Walaupun termasuk dalam golongan hidrokarbon teroksigenasi, anetol tidak
mudah larut dalam alkohol karena menurut Guenther (1987), anetol dan safrol
memiliki kelarutan yang rendah dalam alkohol. Sehingga untuk melarutkan 1 mL
minyak adas membutuhkan lebih dari 7 mL alkohol. Sedangkan untuk hasil
analisis bilangan asam, minyak biji adas yang diperoleh dari metode soxhletasi
memiliki bilangan sebesar 2,81. Menurut Guenther (1990), batas maksimum
bilangan asam minyak biji adas adalah 1,33. Hal ini menunjukkan bahwa bilangan
asam minyak adas melewati batas maksimum yang ditetapkan. Hal ini disebabkan
oleh lamanya penyimpanan minyak adas. Minyak adas telah disimpan selama dua
bulan dalam desikator sebelum dianalisis, sehingga mengakibatkan terjadinya
proses oksidasi aldehida dan hidrolisa ester pada minyak adas (Guenther, 1987).
Berdasarkan hasil pembahasan diatas, dapat disimpulkan bahwa rendemen
minyak adas yang diekstrak dengan petroleum eter sebesar 34,95%. Indeks bias
minyak adas yang dihasilkan sebesar 1,4779, bobot jenis 0,9873, larut dalam
alkohol dengan perbandingan 1 : 3 dan semakin jernih dengan perbandingan 1 : 7,
dengan nilai bilangan asam sebesar 2,81. Hal ini menunjukkan dengan
menggunakan metode soxhletasi rendemen minyak adas yang dihasilkan cukup
tinggi dan minyak adas yang dihasilkan pun memilki kualitas yang baik
berdasarkan Food Chemical Codex dilihat dari bobot jenis, indeks bias dan
kelarutan dalam alkohol.
DAFTAR PUSTAKA

Asbur, Y., & Khairunnisyah, K. (2018). Pemanfatan Andaliman (Zanthoxylum


acanthopodium DC) sebagai Tanaman Penghasil Minyak Atsiri.
Kultivasi, 17(1).
Damayanti, A dan E. Setyawan. 2012. Essential Oil Extraction of Fennel Seed
(Foeniculum vulgare) Using Steam Distillation. Int. J. Sci. Eng.3: 12-
14
Kojong, V. C. O., Sangi, M. S., & Pontoh, J. (2013). Uji Kualitas Minyak Biji
Adas (Foeniculum vulgare) yang diperoleh dengan Metode Soxhletasi.

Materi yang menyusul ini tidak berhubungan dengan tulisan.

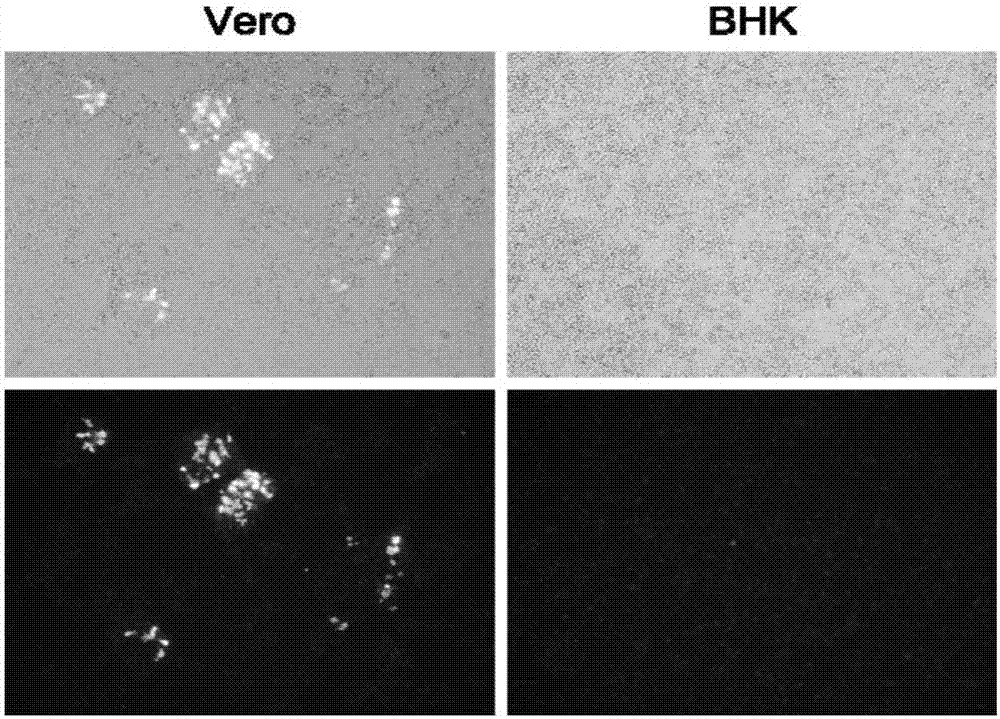 TK gene deletion type goat pox virus as well as preparation method and application of TK gene deletion type goat pox virus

Jurnal MIPA, 2(2), 124-127.
Meutia, Y. R., Wardayanie, N. I. A., Mahardini, T., & Wirawan, I. (2015).
Pengaruh Suhu dan Waktu Maserasi terhadap Komponen Volatil yang
Terlibat pada Ekstraksi Andaliman (Zanthoxylum acanthopodium DC).
Warta Industri Hasil Pertanian, 32(01), 9-15.